By Shannon Williams, Thu 19 Feb 2015
FYI, this story is more than a year old

Steven Joyce, Minister for Economic Development, today launched New Zealand’s first and only fully-automated cloud service, the Catalyst Cloud.

The product of two years of research and development and millions of dollars of investment, the Catalyst Cloud brings full automation and internationally competitive pricing to New Zealand businesses.

With a capacity of 100,000 virtual servers, and the potential to keep more than $40 million a year in New Zealand, the Catalyst Cloud means choice, flexibility and scalability for businesses looking to drive efficiencies and encourage innovation.

The Catalyst Cloud features real time provisioning of virtual machines, network, object and block storage all from a web dashboard. Computing needs grow with business and can be scaled out or in according to demand. 

The Catalyst Cloud uses a ‘pay as you go’ model that requires no upfront investment, no long-term commitment and offers competitive hourly rates. New Zealand businesses get ‘all the power of the data centre, at a price and scale that works for them’.

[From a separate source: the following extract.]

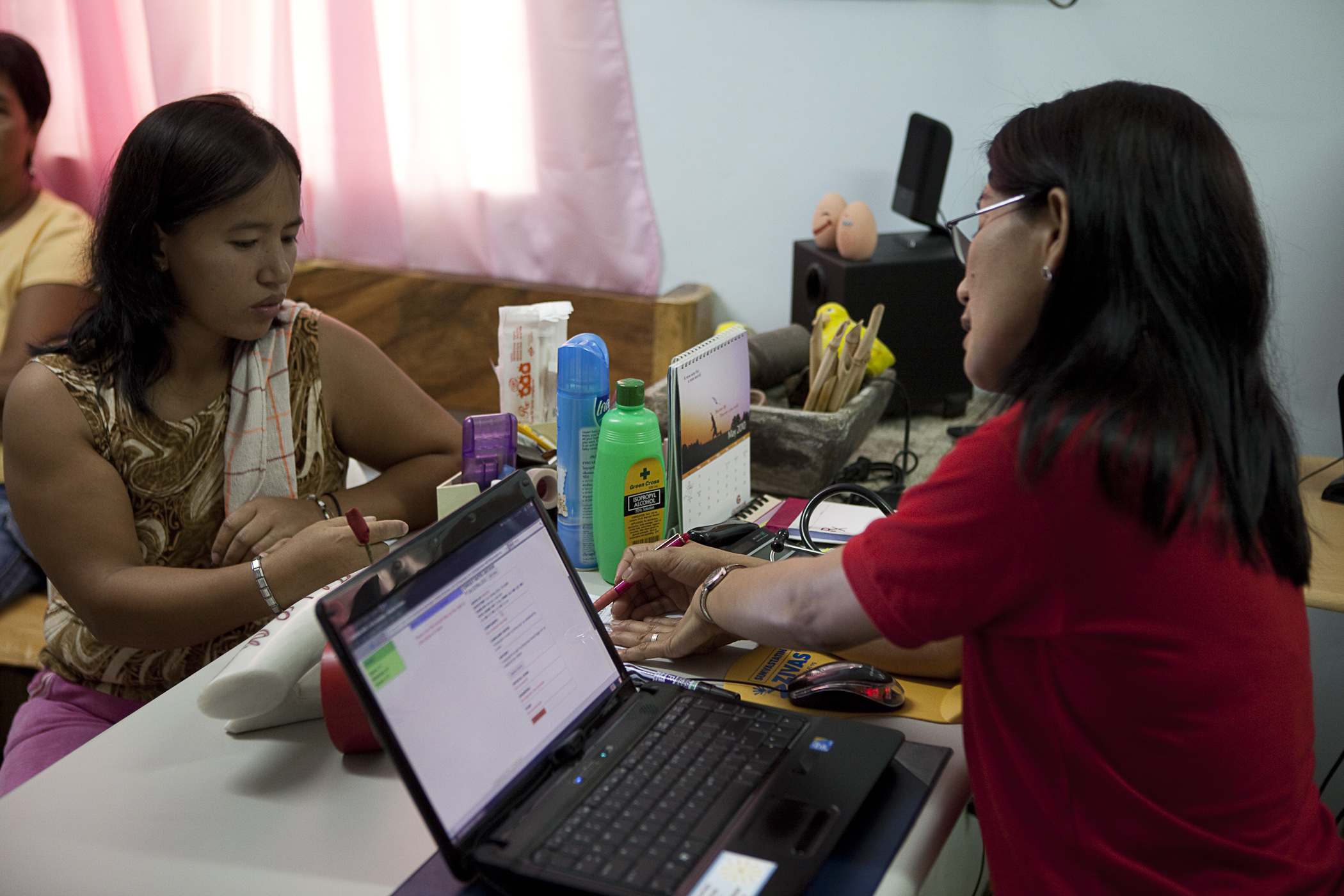 Photo showing a nurse using the WAH EMR in a rural health unit.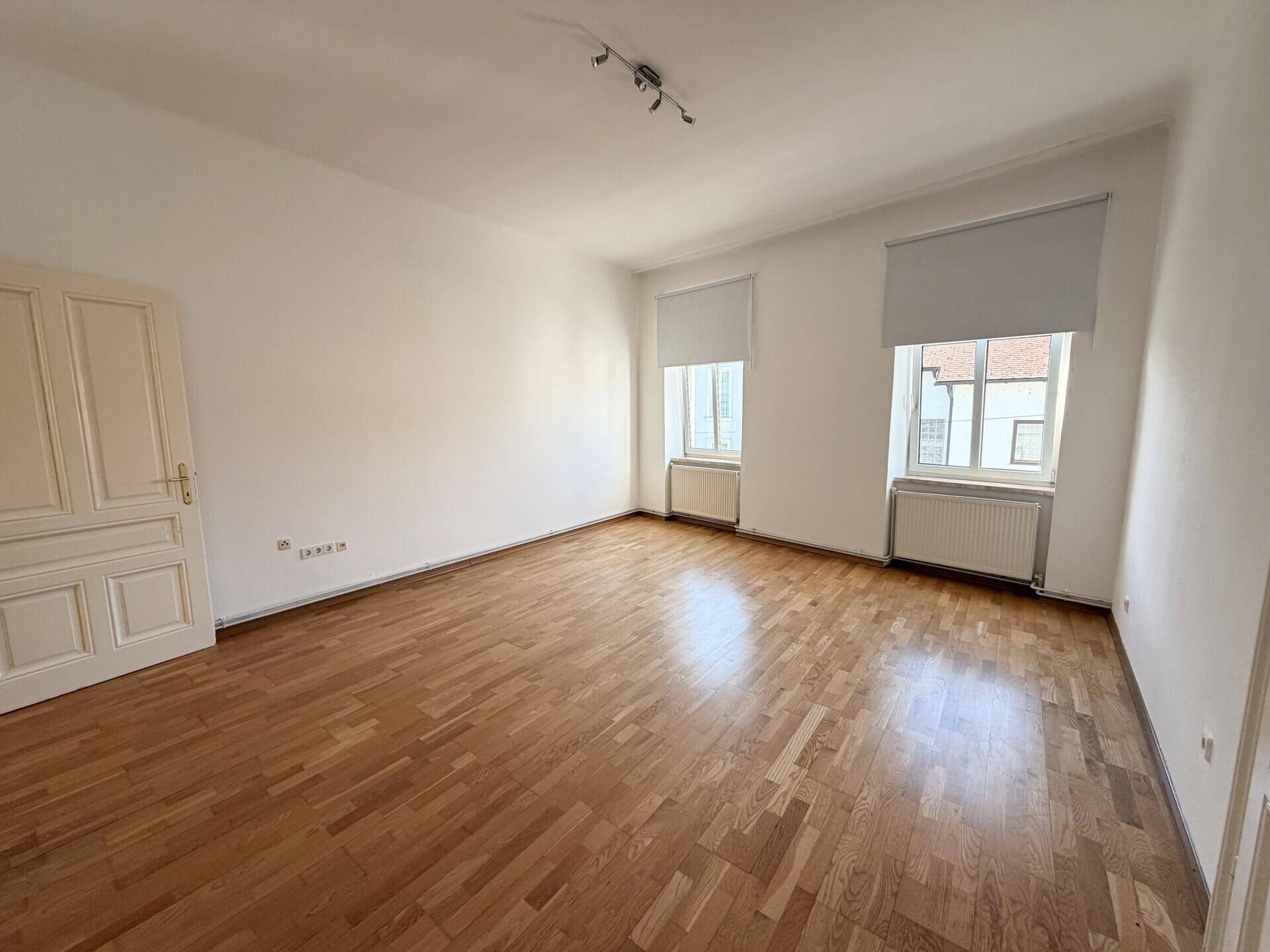 Geräumiges, helles Zimmer mit klassischem Parkettboden und zwei Fenstern, ideal für Wohnzwecke.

The Catalyst Cloud is built using commodity hardware and Open Source software, which deliver tremendous value for money when compared with branded and proprietary alternatives. The Catalyst Cloud is developed on OpenStack, the open source cloud platform originally written by NASA and Rackspace, and built by the open source technologists at Catalyst.

“With the Catalyst Cloud, we wanted to deliver powerful, flexible compute, network and storage capability at a competitive cost,” says Don Christie, Catalyst director. “Kiwi businesses will get similar functionality as AWS, but with the privacy benefits and no latency that local hosting provides.”

Christie says, “The Catalyst Cloud gives people access to scalable, cost-effective infrastructure as a service, hosted here in New Zealand. That is going to drive more productivity and innovation that shipping your data offshore.”